DATA IN THIS EXERCISE:
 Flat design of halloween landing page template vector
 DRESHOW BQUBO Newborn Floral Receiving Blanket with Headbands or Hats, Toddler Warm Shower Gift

--

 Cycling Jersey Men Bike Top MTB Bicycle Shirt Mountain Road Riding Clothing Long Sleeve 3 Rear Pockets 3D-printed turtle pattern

---

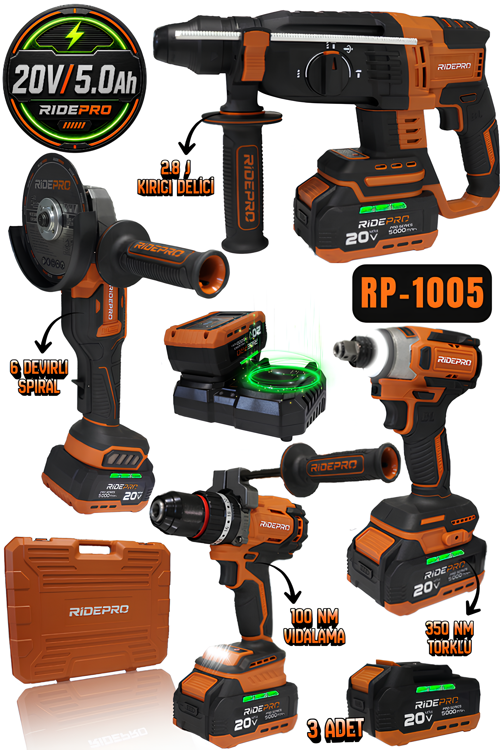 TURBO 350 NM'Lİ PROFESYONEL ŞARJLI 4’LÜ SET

PROMPT: Out of the listing above, reproduce exactly the lines from the one with "Flat design of" up to and including the one with "DRESHOW BQUBO Newborn".

RESULT OF THE EXERCISE:
 Flat design of halloween landing page template vector
 DRESHOW BQUBO Newborn Floral Receiving Blanket with Headbands or Hats, Toddler Warm Shower Gift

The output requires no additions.